REQUIRED ACTION.
Transcribe the data exactly, omitting whatever pictures it holds.

GIVEN INFORMATION.
--- START ---

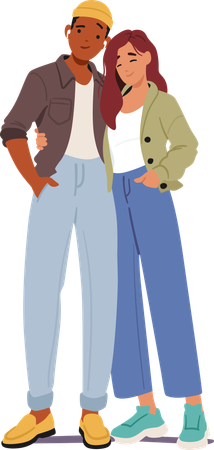 Hipster couple giving pose  Illustration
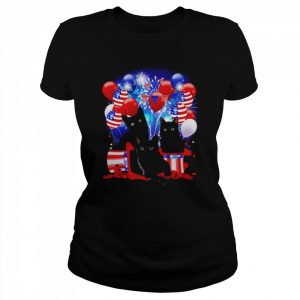 Black Cat Balloons Fireworks Shirt Classic Women's T-shirt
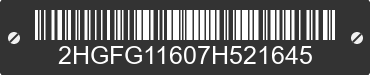 2007 HONDA Civic 2HGFG11607H521645 VIN decoded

--- END ---

SOLUTION TO THE EXERCISE.
 Hipster couple giving pose  Illustration
 Black Cat Balloons Fireworks Shirt Classic Women's T-shirt
 2007 HONDA Civic 2HGFG11607H521645 VIN decoded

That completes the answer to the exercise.